Re: CLUSTER on partitioned index

From: Justin Pryzby <pryzby(at)telsasoft(dot)com>
To: Matthias van de Meent <boekewurm+postgres(at)gmail(dot)com>
Cc: Alvaro Herrera <alvherre(at)2ndquadrant(dot)com>, Michael Paquier <michael(at)paquier(dot)xyz>, 李杰(慎追) <adger(dot)lj(at)alibaba-inc(dot)com>, pgsql-hackers(at)lists(dot)postgresql(dot)org, 曾文旌(义从) <wenjing(dot)zwj(at)alibaba-inc(dot)com>, Zhihong Yu <zyu(at)yugabyte(dot)com>
Subject: Re: CLUSTER on partitioned index
Date: 2021-09-23 23:56:26
Message-ID: 20210923235626.GJ831@telsasoft.com
Views: Raw Message | Whole Thread | Download mbox | Resend email
Thread:
Lists: pgsql-hackers

On Thu, Sep 23, 2021 at 08:18:41PM +0200, Matthias van de Meent wrote:
> On Sun, 12 Sept 2021 at 22:10, Justin Pryzby <pryzby(at)telsasoft(dot)com> wrote:
> >
> > On Tue, Jul 20, 2021 at 08:27:02PM -0400, Alvaro Herrera wrote:
> > > I have to wonder if there really *is* a use case for CLUSTER in the
> > > first place on regular tables, let alone on partitioned tables, which
> > > are likely to be large and thus take a lot of time.
> >
> > The cluster now is done one partition at a time, so it might take a long time,
> > but doesn't lock the whole partition heirarchy. Same as VACUUM (since v10) and
> > (since v14) REINDEX.
>
> Note: The following review is based on the assumption that this v11
> revision was meant to contain only one patch. I put this up as a note,
> because it seemed quite limited when compared to earlier versions of
> the patchset.

Alvaro's critique was that the patchset was too complicated for what was
claimed to be a marginal feature. My response was to rearrange the patchset to
its minimal form, supporting CLUSTER without marking the index as clustered.
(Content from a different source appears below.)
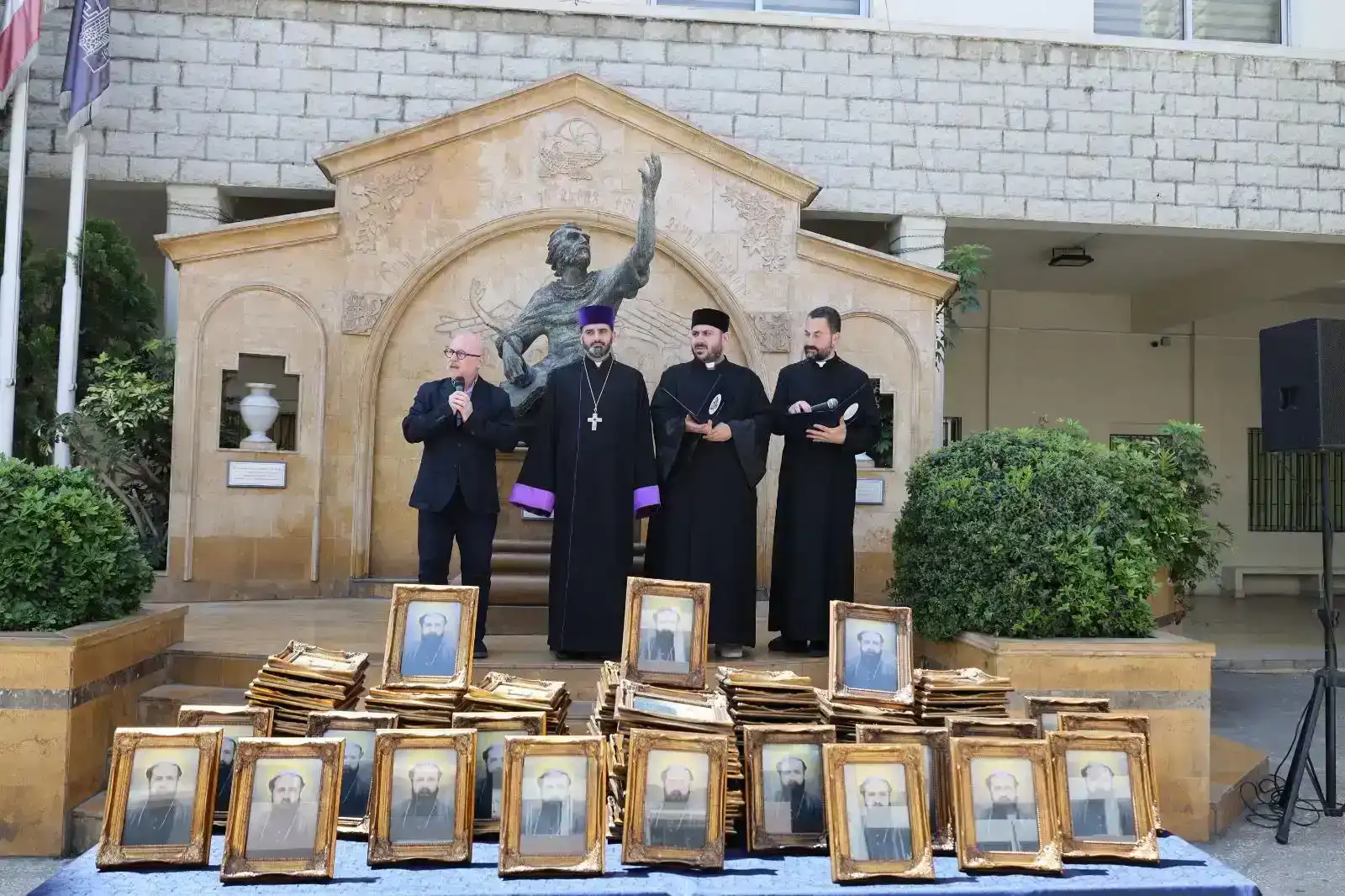 Մեսրոպեան Վարժարանը՝ Հաւատքի, Յիշողութեան եւ Արժէքներու Վերահաստատման Կեդրոն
> I noticed that you store the result of find_all_inheritors(...,
> NoLock) in get_tables_to_cluster_partitioned, without taking care of
> potential concurrent partition hierarchy changes that the comment on
> find_all_inheritors warns against or documenting why it is safe, which
> sounds dangerous in case someone wants to adapt the code. One problem
> I can think of is that only storing reloid and indoid is not
> necessarily safe, as they might be reused by drop+create table running
> parallel to the CLUSTER command.

The parallel code in vacuum is expand_vacuum_rel(), which is where the
corresponding things happens for vacuum full. This patch is to make cluster()
do all the same stuff before calling cluster_rel().

What VACUUM tries to do is to avoid erroring if a partition is dropped while
cluster is running. cluster_rel() does the same thing by calling
cluster_multiple_rels() ,which uses CLUOPT_RECHECK.
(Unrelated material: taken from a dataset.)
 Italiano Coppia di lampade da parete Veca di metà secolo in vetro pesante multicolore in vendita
If the OIDs wrapped around, I think existing vacuum could accidentally process
a new table with the same OID as a dropped partition. I think cluster would
*normally* catch that case and error in check_index_is_clusterable():
| Check that index is in fact an index on the given relation

Arguably VACUUM FULL could call cluster() (not cluster_rel()) and pass the
partitioned table rather than first expanding it. But non-full vacuum needs to
expand partitioned tables anyway.

> Apart from that, I think it would be useful (though not strictly
> necessary for this patch) if you could adapt the current CLUSTER
> progress reporting to report the progress for the whole partition
> hierarchy, instead of a new progress report for each relation, as was
> the case in earlier versions of the patchset.

Yea, but this is already true for VACUUM FULL (which uses CLUSTER and supports
partitioned tables since v10) and REINDEX.
See also https://postgr.es/m/20210216064214.GI28165@telsasoft.com

My goal is to present a minimal patch and avoid any nonessential complexity.

> The v11 patch seems quite incomplete when compared to previous
> discussions, or at the very least is very limited (no ALTER TABLE
> clustering commands for partitioned tables, but `CLUSTER ptable USING
> pindex` is supported). If v11 is the new proposed direction for ptable
> clustering, could you also document these limitations in the
> cluster.sgml and alter_table.sgml docs?

You said it's less complete, but it's is due to deliberate reduction in scope.
cluster.sgml says:
+ Clustering a partitioned table clusters each of its partitions using the
+ partition of the specified partitioned index (which must be specified).

The ALTER restriction hasn't changed, so I didn't touch the documentation.

I am still curious myself to know if this is the direction the patch should
move.

> > [ v11-0001-Implement-CLUSTER-of-partitioned-table.patch ]
>
> > diff --git a/src/test/regress/expected/cluster.out b/src/test/regress/expected/cluster.out
> > ...
> > +ALTER TABLE clstrpart SET WITHOUT CLUSTER;
> > +ERROR: cannot mark index clustered in partitioned table
>
> This error message does not seem to match my expectation as a user: I
> am not trying to mark an index as clustered, and for a normal table
> "SET WITHOUT CLUSTER" does not fail for unclustered tables. I think
> that behaviour of normal unclustered tables should be shared here as
> well. At the very least, the error message should be changed.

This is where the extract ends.